Vladimir Makovsky, Unidentified Genre Scene (A Noble Assignment?), 1893 – 1895

Signed in Cyrillic and dated at lower left

Oil on canvas

16 1/2 x 11 5/16 in. (42 x 29 cm)

Inv. no. ab_7777

 

Vladimir Makovsky (1846 – 1920) was born into an artistic family. His father Egor Makovsky (1802 – 1886) was a portraitist and one of the founders of an important Moscow art school. He and most of his siblings became artists. While his brother Konstantin Makovsky (1839 – 1915) is the best known, his sister Alexandra (1837 – 1915) and brother Nikolai (1841 – 1886) were also accomplished painters.

 

Together with his brothers, he was one of the founding members of the Society for Itinerant Art Exhibitions, or the Peredvizhniki, a Russian word meaning itinerants or wanderers. While there were some variations, the group had banded together in support of Realist depictions of contemporary life in Russia, thus rejecting the Academy of Art’s officially prescribed allegorical works, scenes inspired by the Classical world, and patriotic battle paintings.

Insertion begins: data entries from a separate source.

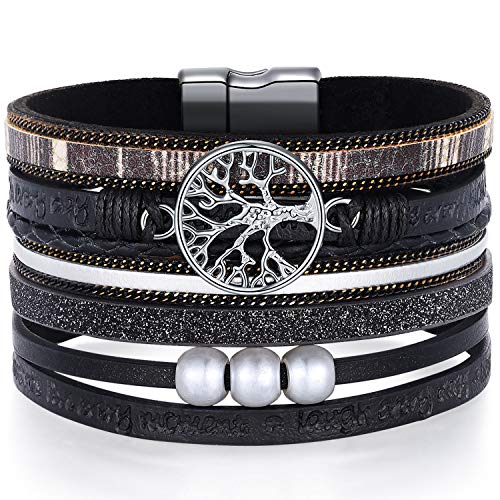 Desimtion Black Wrap Leather Bracelets for Women Boho Layered Stacking Wide Buckle Family Tree of Life Bracelets for Women Mom Teen Girls Grandma - Image 1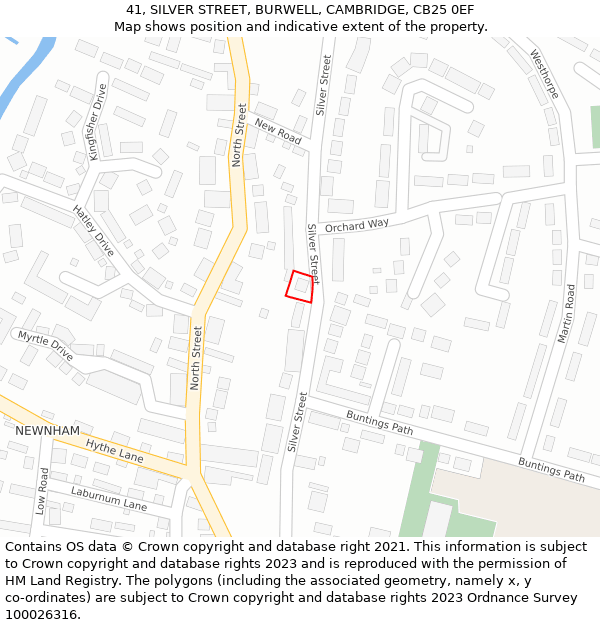 41, SILVER STREET, BURWELL, CAMBRIDGE, CB25 0EF: Location map and indicative extent of plot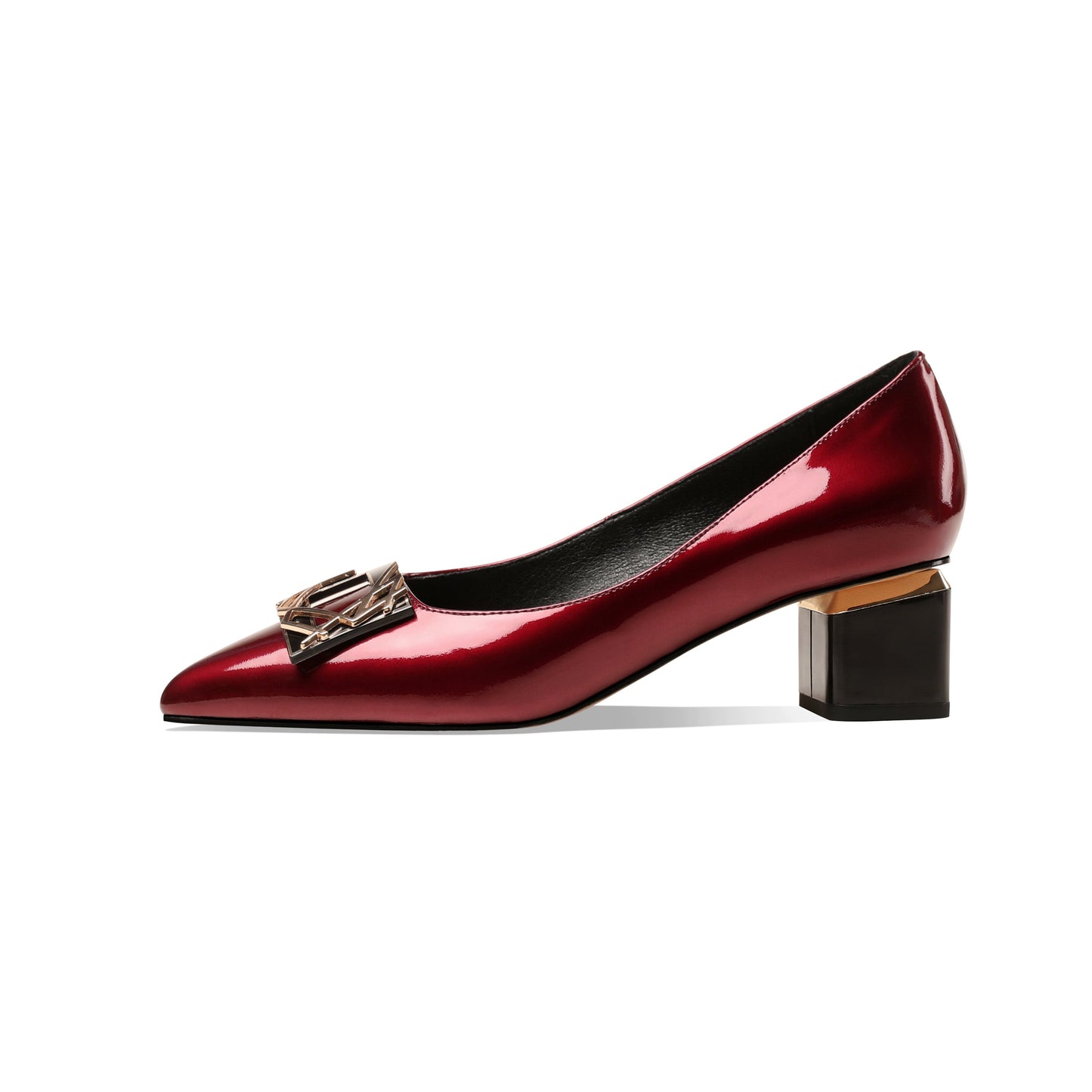 Nine Seven Women's Glossy Patent Leather Handmade Clear Pointed Toe Low Block Heel Slip On Pump Shoes with Trendy Square Pattern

While his older brother Konstantin turned to often romanticized images of the life of the boyar class in seventeenth-century Russia, Vladimir Makovsky retained his focus on daily life, particularly the financial sufferings of the poor or the foibles of the middle class.

 

Vladimir Makovsky’s title for this painting is currently unknown, so the subject remains undetermined. Two men in frock coats are seen in an office; the one at left seems to carry himself in a manner suggesting a lower status, particularly in comparison to the other man who wears a cross of the Order of St. George at his collar and a red and white sash, possibly of the Order of St. Stanislas. His mutton chop sideburns, long out of fashion, might tell us that the event took place well before the work was painted or that the figure on the right is out of the step with the contemporary world. Presumably the paper held in his hands is key to the narrative, but it is hidden from our eyes.